How to Showcase Multiple Side Projects on One Page

TL;DR: Group your side projects by status — shipped, building, archived — and give each one a name, a live link, and a single sentence. Put all of it on one page behind one stable URL, so launching something new means editing the page, not your bio.

You have shipped a couple of apps, started a newsletter, and have two more things in a half-built state. That is more than any single bio link can hold, so right now they live in scattered tweets and a notes file. The work looks smaller than it is purely because nobody can see it in one place.

The fix is structure. A pile of links is clutter; the same links grouped and labeled is a track record. Here is how to make the jump.

Group by status, not by type

The instinct is to sort by category — apps here, content there. Status works better, because it tells a story about momentum:

  • Shipped — live, working, real. Your proof.
  • Building now — in progress. Your hook; this is what earns a follow.
  • Archived — retired or paused. Your honesty, and evidence you finish things and move on.

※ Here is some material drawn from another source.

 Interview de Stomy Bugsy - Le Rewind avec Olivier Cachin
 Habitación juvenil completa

A visitor scanning those three buckets instantly understands where you are: someone who ships, is shipping, and has the scars to prove it.

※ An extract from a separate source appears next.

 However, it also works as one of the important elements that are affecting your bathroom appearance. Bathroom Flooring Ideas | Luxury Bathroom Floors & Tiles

Give every project the same three things

Consistency is what separates a portfolio from a junk drawer. Each entry gets:

  • A name — the real product name, not “Project 1.”
  • A live link — straight to the thing, no detours.
  • One sentence — what it is or what it achieved. “ReelBot — turns long videos into short clips, 5k users.”

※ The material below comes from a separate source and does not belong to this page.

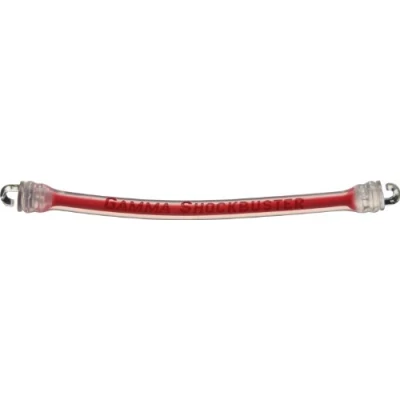 Imagen de Gamma Shockbuster vibración Amortiguador, AGSKB22, Rojo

Resist the urge to write paragraphs. One sentence per project keeps the page scannable, and scannable is the entire game.

Use one stable URL

The classic mistake is rotating a single bio link to whatever you launched most recently. Every swap orphans the last project and confuses anyone who saved the old link. Instead, point your bio at one page that holds everything. Ship something new? Add a row. The URL never changes, so every share you have ever posted keeps working and keeps pointing at your best, current self.

Show the work in progress

Makers underrate the “building now” section. It is frequently the most magnetic part of the page, because people love watching something get built. List what is in flight, label it clearly as in development, and let visitors opt in to the story.

Do it in one place

This is precisely what IndieShow is built for: a single page with shipped, building, and archived sections already structured, each project a clean row with a link and a line. You claim indie-show.com/yourname, paste your projects in, and put that one link everywhere. New launch, one new row.

Claim your IndieShow pageOne page for everything you've shipped. $15/year or $30 once, forever.

Frequently asked questions

How do I show multiple side projects in one place?

Group them by status — shipped, building, and archived — and give each project a name, a live link, and one sentence of context. A single page organized by status reads as momentum, whereas a flat list of links reads as clutter.

Should I put unfinished side projects on my page?

Yes. A 'currently building' section is often the most engaging part of a maker's page because people want to follow work in progress. Label it clearly so visitors know what is live versus in development.

What is the best way to link to many projects from a bio?

Link to one page that contains all of them rather than swapping a single bio link between projects. One stable URL means you update the page, not your bio, every time you ship something new.